Bu insanların kamptan kurtulduktan sonra oluşturdukları ailelerden olan çocuklarının giderek artan oranlarda genel bir depresyonun, duygusal küntlüğün ya da heyecansal tutarsızlıkların, ilgisizliğin ve çeşitli dengesiz davranışların geliştiği gözlemlenmiştir. Hatta, bu çocukların bazılarında, ana-babanın yaşadığı acı verici deneyimlerin fantezileri ilerleyerek hezeyana dönüşmüş, gece kabusları, gündüz düşlerine dönüşmüş ve izlenme kuşkuları ve hezeyanları sonucunda birtakım paranoid durumlar gözlenmiştir. Dahası, onların çocuklarında yani kamptan kurtulanların torunlarında da ruhsal sıkıntıların olduğu gözlemlenmiştir.

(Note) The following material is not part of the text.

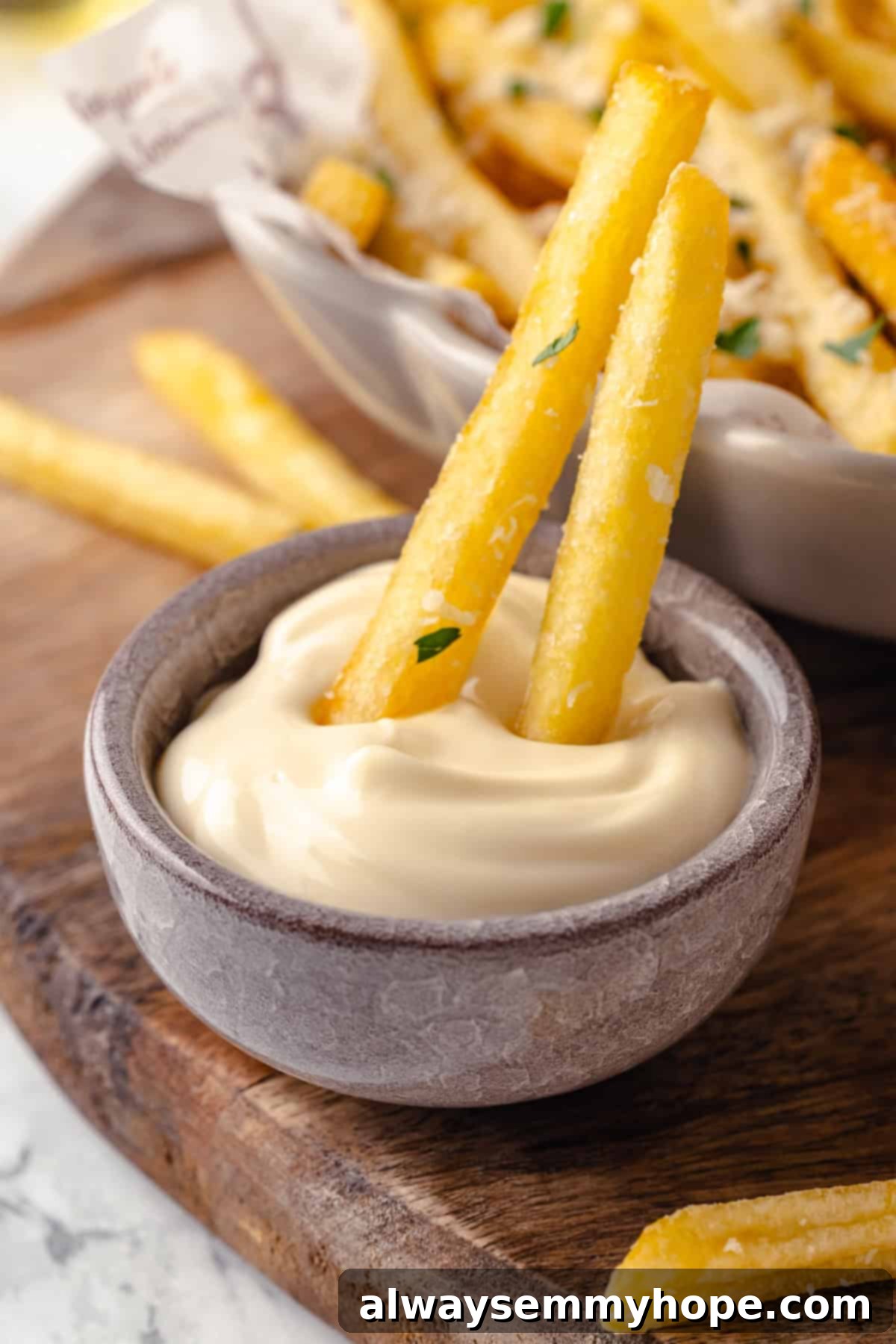 Two truffle fries dipping into bowl of aioli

İnsanların deneyimledikleri olumsuz anıların, özellikle konuşulmayacak kadar ağır olanların, gelecek nesillere miras kaldığını bilimsel çalışmalar göstermektedir.

Duyguların aktarımı neden olur? 

Bir olayın duygusu yaşanmıyor, bastırılıyor ve ya sır olarak kalıyorsa, o olay ve duygusu ötekine aktarılarak devam eder. Aile içinde sır olarak kalan ne varsa onun duygusu, bakışla, mimiklerle, fiziksel temasla ya da bazen sözel olarak ötekine aktarılır. 

Örneğin, üç nesil önce intihar ederek ölen bir aile üyesinin yası, intihar dinen ve kültürel olarak iyi bir şey olmadığı için tutulamayabilir. Kaybın yası yeterince tutulmazsa o duygular bedende saklanır. Bu durumda, aile üyeleri çoluk çocuğa hep kaygıyla bakar, ‘’ya o da kendini öldürürse.’’ Çocuğuna sarılır, ama duygusu ‘’aman kendini öldürmesin.’’ Dir. Her nesil bir sonraki nesle benzer duyguyu aktarır. Bu zincir böyle giderek sonraki nesillerde böyle bir duygu çıkabiliyor. Terapiye gelen kişi, ‘’bu aralar kendimi öldürmek istiyorum. Halbuki her şey yolunda, bir sebebim yok,’’ diyebiliyor. 

Çözümü nedir?

İnsan beyni, olumsuz duygulardan kurtulmak için yaşadığını tekrar eder. Kişi bir sorun yaşadığında ilk bakacağı yer erken çocukluk dönemi olmalı. Güncel sorununu çocukluk çağında kimin nasıl yaşadığını incelemelidir. Eğer kendi hikayesinde bir karşılık bulamazsa önceki nesilleri hakkında bilgi toplamaya başlayabilir. Önce anne babasının hikayesinde nasıl olduğuna bakabilir, karşılık bulamıyorsa daha önceki nesiller yani büyükanne ve büyükbabasının hikayesi hakkında bilgi edinmeye çalışabilir. Bu şekilde ulaşabildiği kadar eskiye gidebilir. Elde ettiği bilgilerin kişinin güncel yaşamıyla bağlantıları bir uzman desteği ile çalışıldığında yalnızca sorun ortadan kalkmaz, aynı zamanda kişi atalarından aldığı mirası kendi çocuklarına aktarmanın yolunu da kapamış olur. Bazen de kişinin bilgi alacağı kaynaklar sınırlıdır. Yine de terapi faydalı olabilir.

 


Sayfa içeriği sadece bilgilendirme amaçlıdır, tanı ve tedavi için mutlaka doktorunuza başvurunuz.